(Records from a dataset)
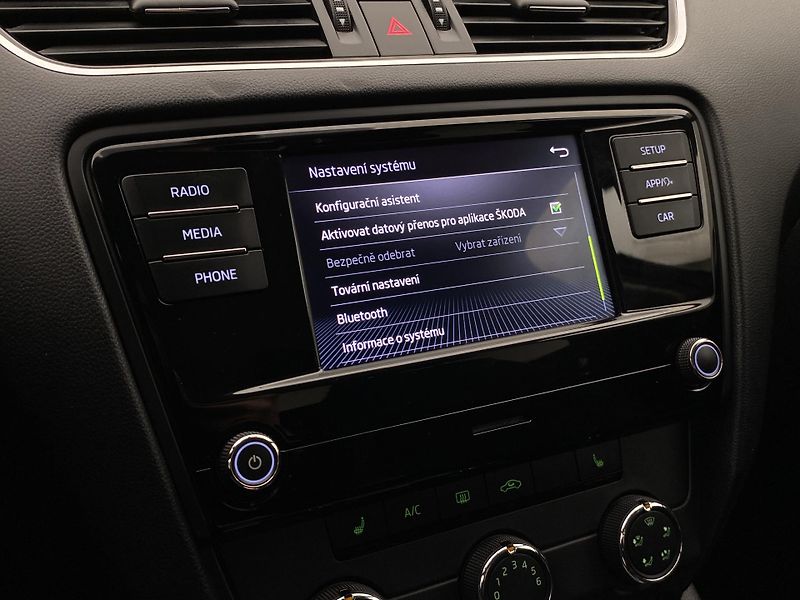 Škoda Octavia 1.4TSI AMBITION CZ REZERVACE - fotka 31 z 35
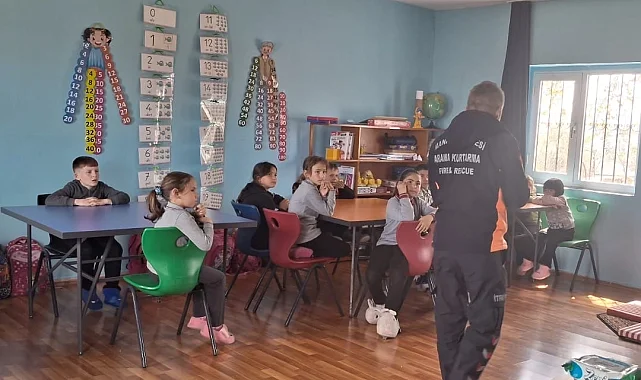 Manisa İtfaiyesi'nden öğrencilere yangın güvenliği eğitimi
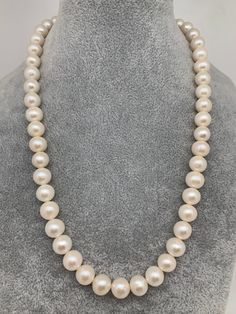 Our Real fresh water cultured pearls collection are real genuine pearls polish and shine on the pearls are natural and will stay as it is life long and can be used by generations. Natural Pearls have naturally varying undulations on the surface This classy pearl necklaces wear it with confidence worth every money spent. Mala Length : Approx. 18 Inches No Earrings Classic Pear-shaped Pearl Necklace, Classic Pear-shaped Pearl Necklace With Charm, Pearls Mala, Pearl Mala, Fresh Water Pearl Necklace, Real Pearl Necklace, Fashionable Clothes, Pearls Necklace, Pearl Necklaces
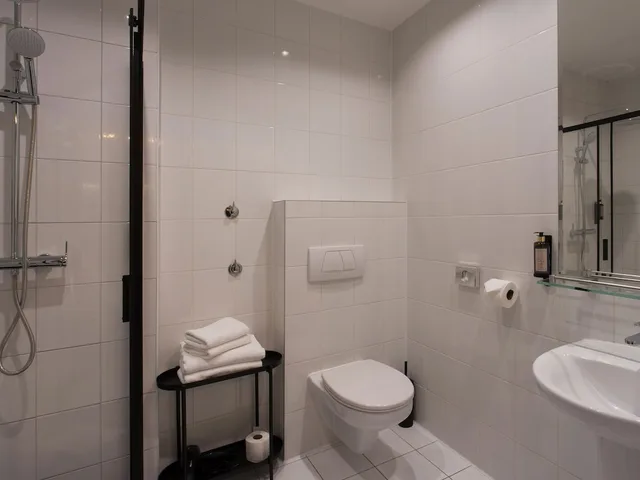 غرفة قياسية بسرير مزدوج، Atrium Hotel 6/6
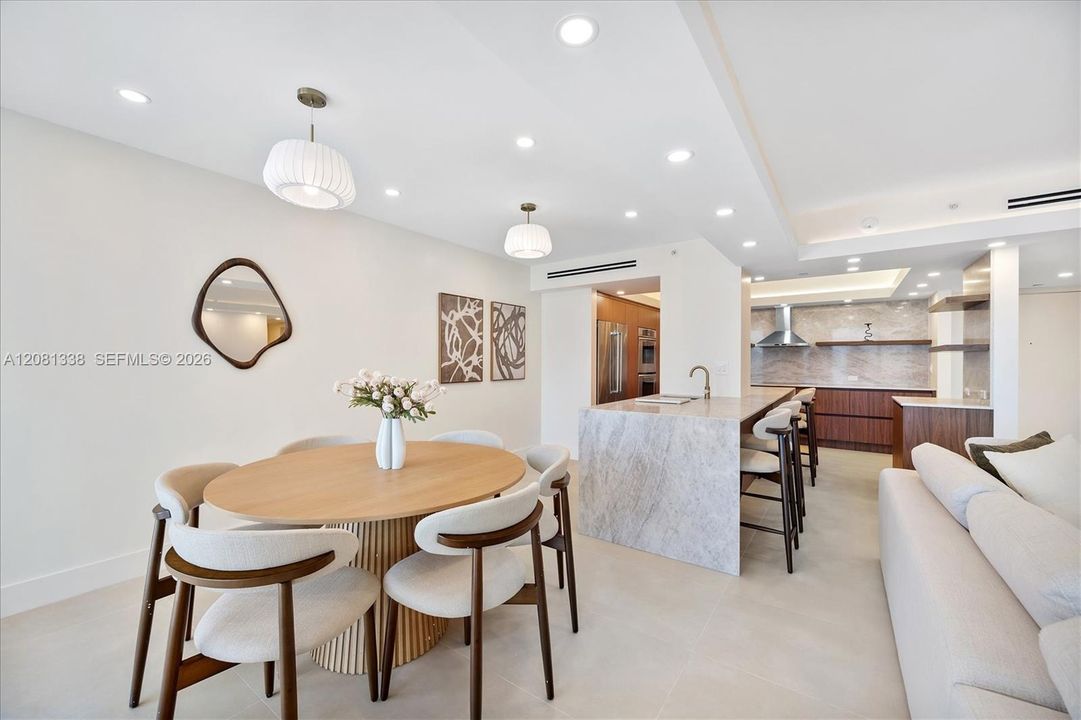 For Rent: $5,800 (2 beds, 2 baths, 1677 Square Feet)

**Aim of the exercise**
Output the data above exactly, beginning at its first line and ending with the line that holds "Manisa İtfaiyesi'nden öğrencilere". Leave out the pictures and add nothing.

**Reply**
 Škoda Octavia 1.4TSI AMBITION CZ REZERVACE - fotka 31 z 35
 Manisa İtfaiyesi'nden öğrencilere yangın güvenliği eğitimi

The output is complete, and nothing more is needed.